What is needed:
Using the entries below, copy exactly each line from the line with "riqueza – estou rico." up to and including the line with "APOD0037 Ryan Sullivan", with every picture left out.

Records:

======

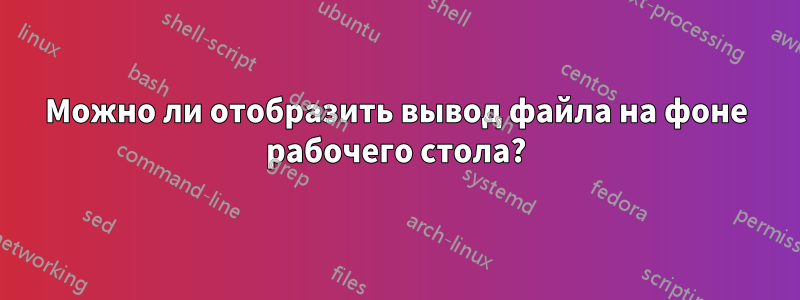 Можно ли отобразить вывод файла на фоне рабочего стола?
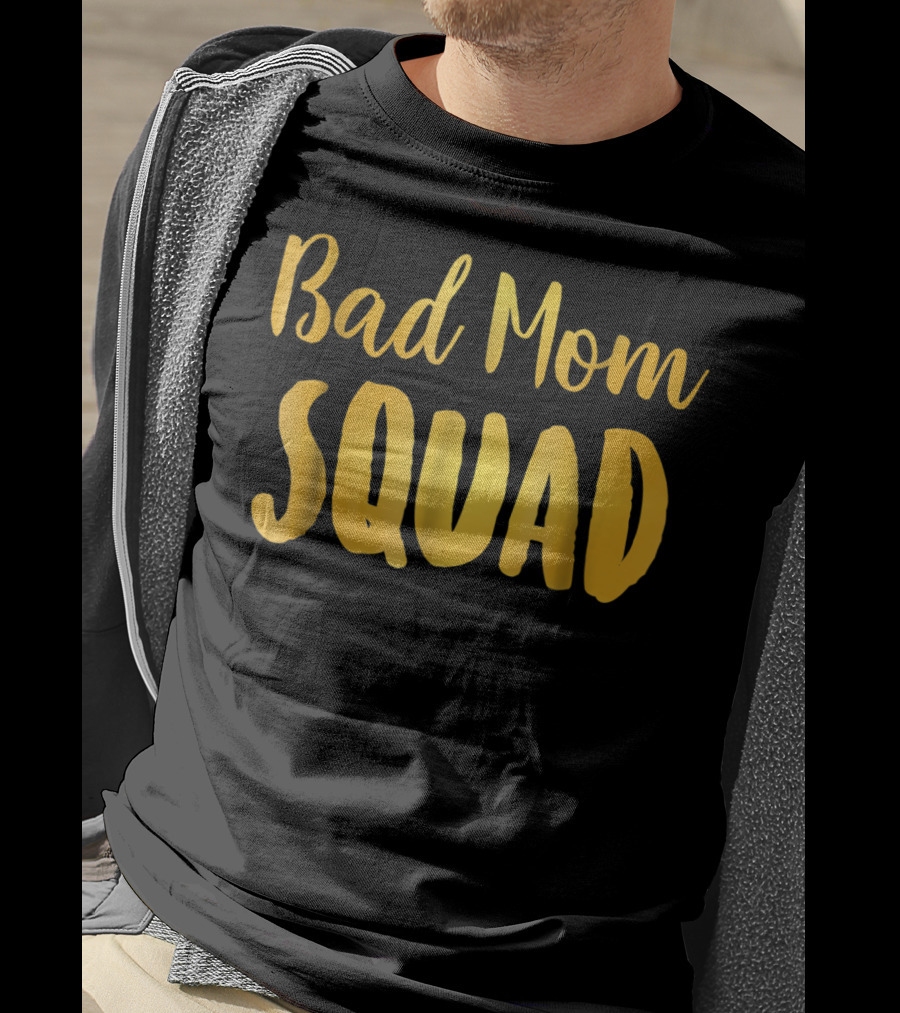 Bad Mom Squad Funny Family Party Gold Text T-Shirt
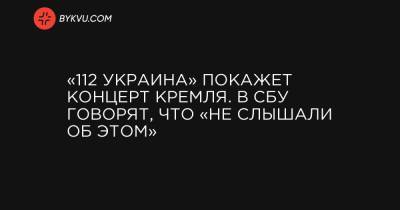 «112 Украина» покажет концерт Кремля. В СБУ говорят, что «не слышали об этом»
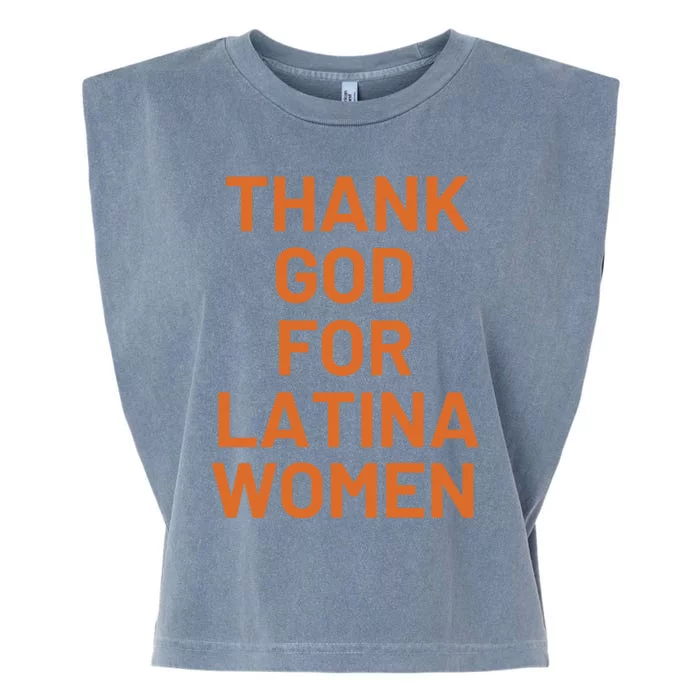 Thank God For Latina Garment-Dyed Women's Muscle Tee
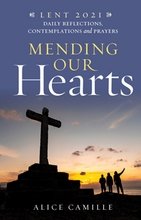 Mending Our Hearts – Daily Reflections, Contemplations and Prayers for Lent 2021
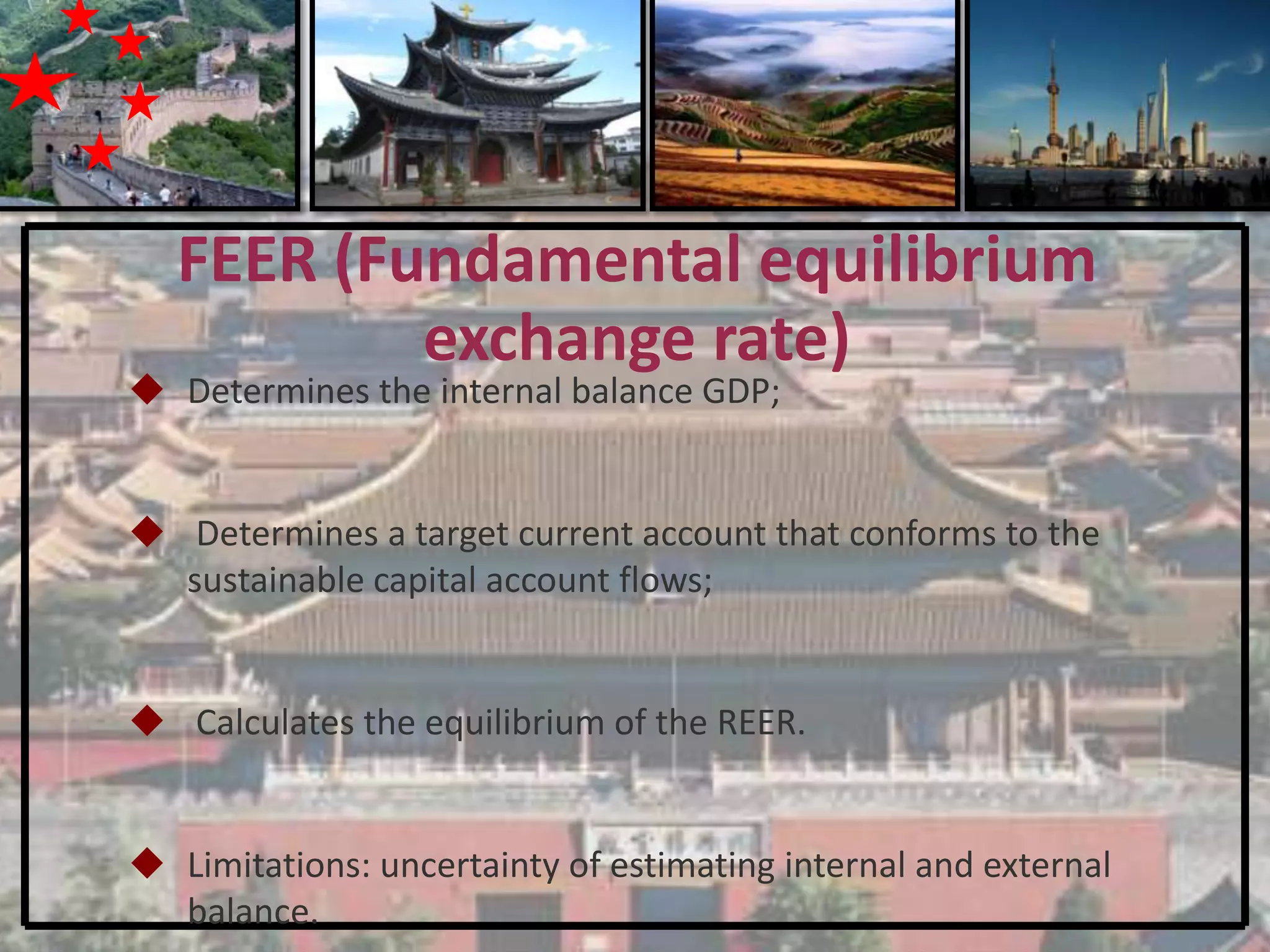 FEER (Fundamental equilibrium
           exchange rate)
 Determines the internal balance GDP;


 Determines a target current account that conforms to the
  sustainable capital account flows;


 Calculates the equilibrium of the REER.


 Limitations: uncertainty of estimating internal and external
  balance.
 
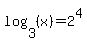 log%283%2C+%28x%29%29+=+2%5E4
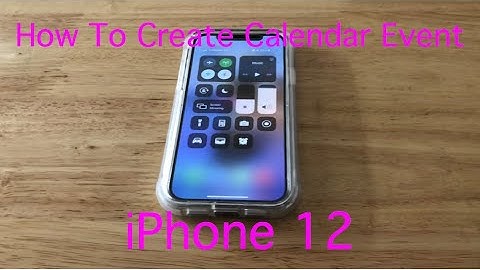 How To Create Calendar Event iPhone 12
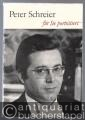 Peter Schreier. Für Sie porträtiert von Gottfried Schmiedel.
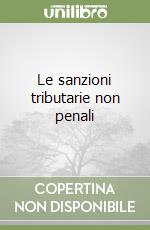 Le sanzioni tributarie non penali libro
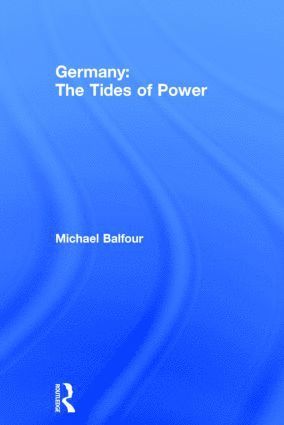 Germany - The Tides of Power 1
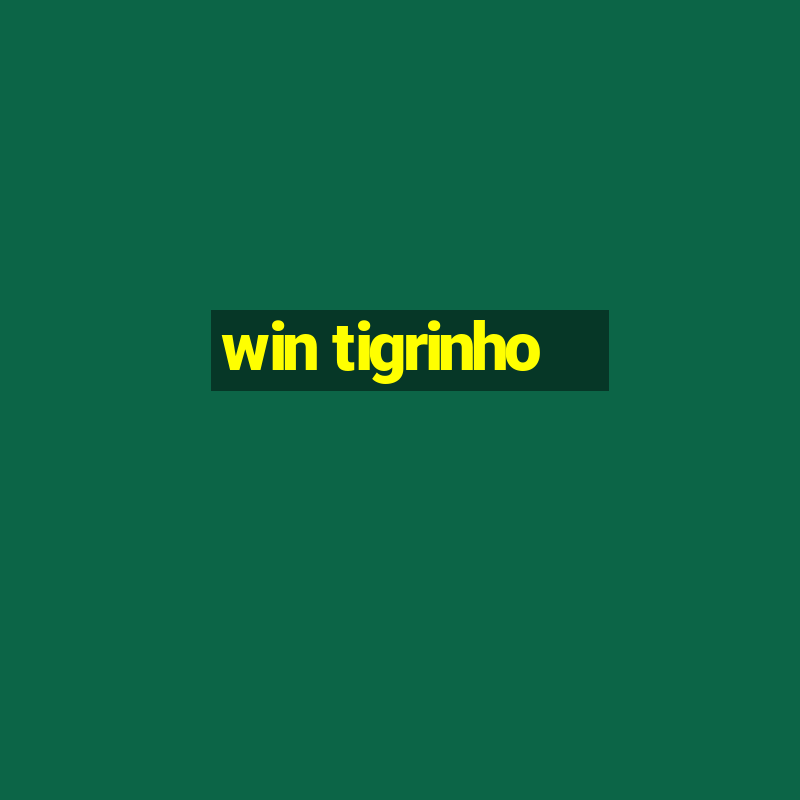 win tigrinho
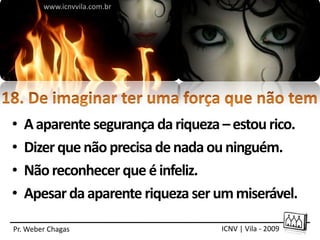 www.icnvvila.com.br




•   A aparente segurança da riqueza – estou rico.
•   Dizer que não precisa de nada ou ninguém.
•   Não reconhecer que é infeliz.
•   Apesar da aparente riqueza ser um miserável.

Pr. Weber Chagas                    ICNV | Vila - 2009
 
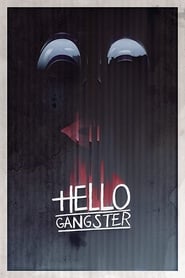 Hello Gangster' Poster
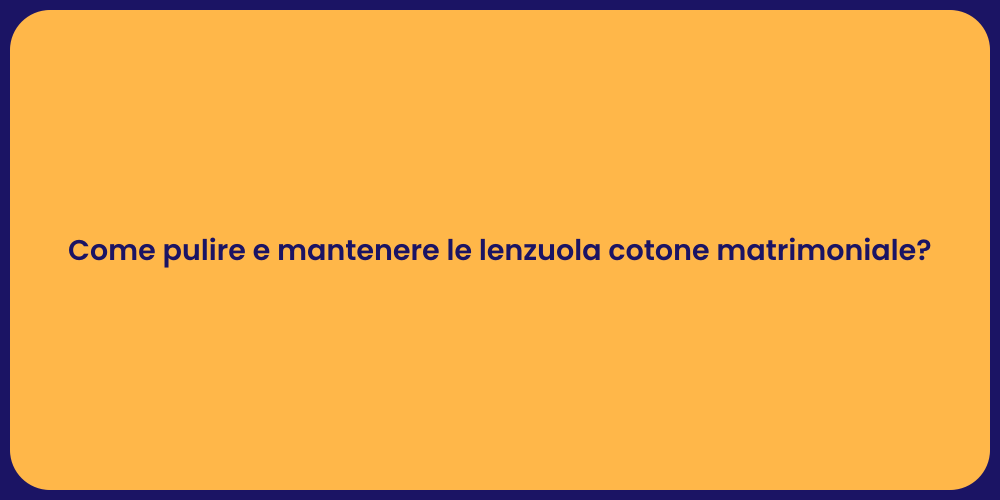 Come pulire e mantenere le lenzuola cotone matrimoniale?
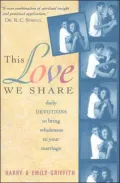 This Love We Share: Daily Devotions to Bring Wholeness to Your Marriage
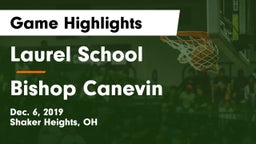 Laurel School vs Bishop Canevin  Game Highlights - Dec. 6, 2019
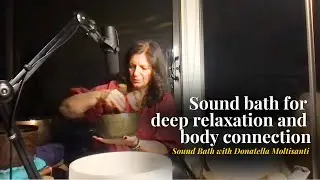 Sound Bath for Deep Relaxation | Breathing Exercise & Body Connection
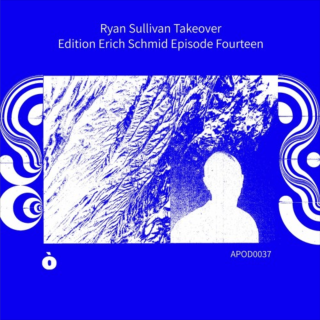 APOD0037 Ryan Sullivan Takeover. Edition Erich Schmid. Episode Fourteen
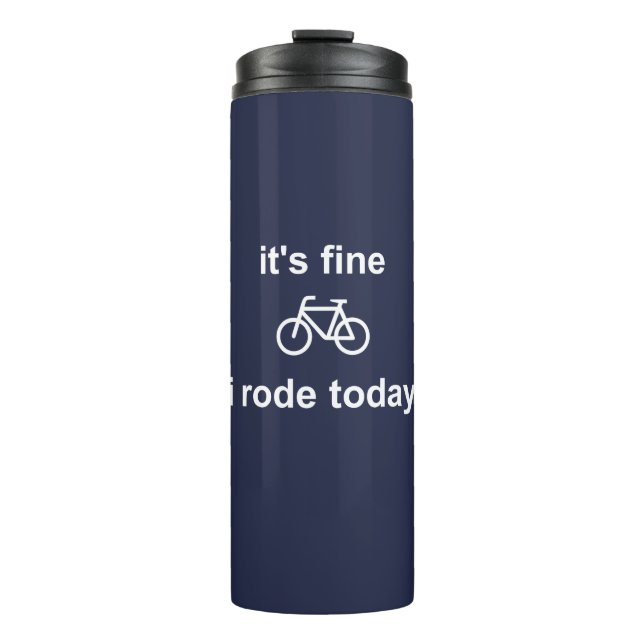 It's Fine, I Rode Today Thermal Tumbler (Front)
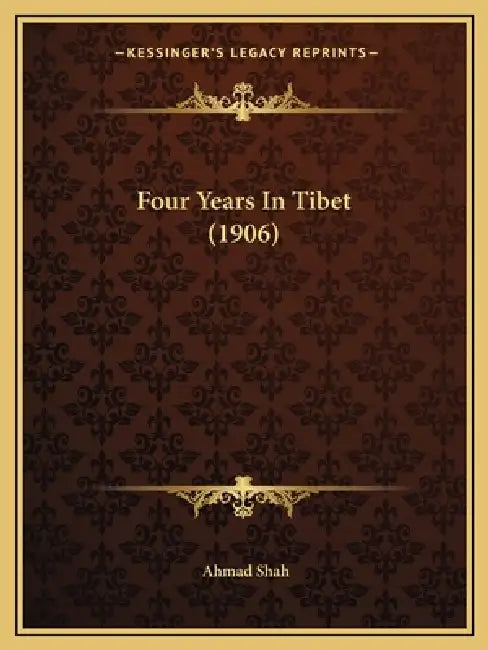 Four Years In Tibet (1906) by Ahmad Shah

======

Result for this task:
•   A aparente segurança da riqueza – estou rico.
•   Dizer que não precisa de nada ou ninguém.
•   Não reconhecer que é infeliz.
•   Apesar da aparente riqueza ser um miserável.

Pr. Weber Chagas                    ICNV | Vila - 2009
 
 Hello Gangster' Poster
 Come pulire e mantenere le lenzuola cotone matrimoniale?
 This Love We Share: Daily Devotions to Bring Wholeness to Your Marriage
 Laurel School vs Bishop Canevin  Game Highlights - Dec. 6, 2019
 Sound Bath for Deep Relaxation | Breathing Exercise & Body Connection
 APOD0037 Ryan Sullivan Takeover. Edition Erich Schmid. Episode Fourteen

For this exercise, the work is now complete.